Our everyday electronic devices, such as living room lights, washing machines, and televisions, operate thanks to electrical currents. Similarly, the functioning of computers is based on the manipulation of information by small charge carriers known as electrons. Spintronics, on the other hand, introduces a unique approach to this process.
Instead of the charge of electrons, the spintronic approach is to exploit their magnetic moment, in other words, their spin, to store and process information – aiming to make the computers of the future more compact, fast, and sustainable. One way of processing information based on this approach is to use the magnetic vortices called skyrmions or, alternatively, their still little understood and rarer cousins called ‘merons’. Both are collective topological structures formed of numerous individual spins. Merons have to date only been observed in natural antiferromagnets, where they are difficult to both analyze and manipulate.
Finding merons in synthetic antiferromagnets
Working in collaboration with teams at Tohoku University in Japan and the ALBA Synchrotron Light Facility in Spain, researchers of Johannes Gutenberg University Mainz (JGU) have been the first to demonstrate the presence of merons in synthetic antiferromagnets and thus in materials that can be produced using standard deposition techniques. “We were able to devise a novel habitat for what is a new and very ‘shy’ species,” said Dr.
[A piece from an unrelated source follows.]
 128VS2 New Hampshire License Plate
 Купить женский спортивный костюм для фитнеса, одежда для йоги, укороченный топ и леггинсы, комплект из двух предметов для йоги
Robert Frömter, a physicist at JGU. The research achievement involves designing synthetic antiferromagnets in such a way that merons are formed in them as well as the detection of the merons themselves.
In order to put together the corresponding materials made of multiple layers, the researchers undertook extensive simulations and conducted analytical calculations of spin structures in cooperation with a theory group at JGU. The goal was to determine the optimal thickness of each layer and the suitable material to facilitate the hosting of merons and to understand the criteria for their stability.
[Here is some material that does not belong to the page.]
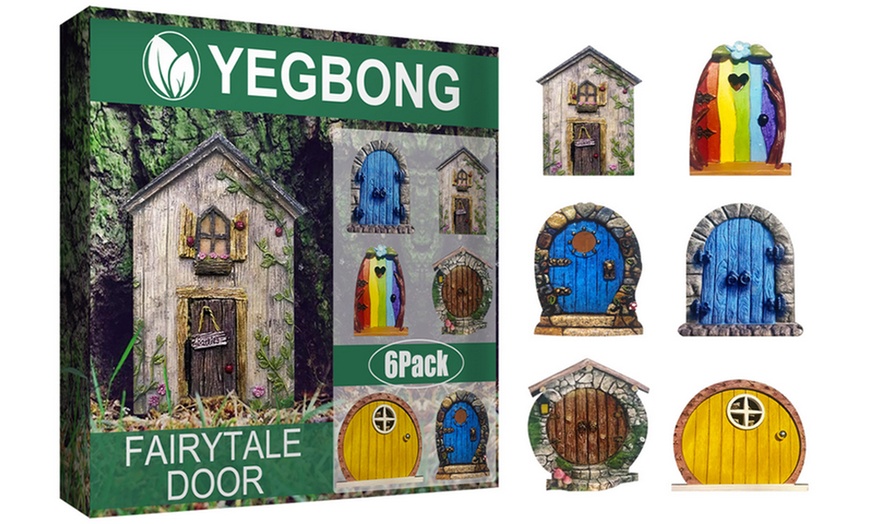 Image 3: 6- or 12- Pack of Miniature Fairy Garden Doors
In tandem with theoretical work, the team pursued experiments to address these challenges. “With the aid of magnetic force microscopy in conjunction with the less familiar scanning electron microscopy with polarization analysis, we successfully identified merons in our synthetic antiferromagnets,” explained Mona Bhukta, a doctoral candidate at JGU’s Institute of Physics. “We have thus managed to make a step forward towards the potential application of merons.”
Professor Mathias Kläui, head of the research team, is delighted by the opportunity to cooperate with Tohoku University, one of the leading Japanese institutions in the field of spintronics. “We’ve been undertaking joint activities for more than ten years now – with the support of the German Academic Exchange Service (DAAD) and other exchange projects. Recently, the first jointly supervised Ph.D. candidate under the cooperation agreement with Tohoku obtained his degree, passing with distinction.”
Reference: “Homochiral antiferromagnetic merons, antimerons and bimerons realized in synthetic antiferromagnets” by Mona Bhukta, Takaaki Dohi, Venkata Krishna Bharadwaj, Ricardo Zarzuela, Maria-Andromachi Syskaki, Michael Foerster, Miguel Angel Niño, Jairo Sinova, Robert Frömter and Mathias Kläui, 26 February 2024, Nature Communications.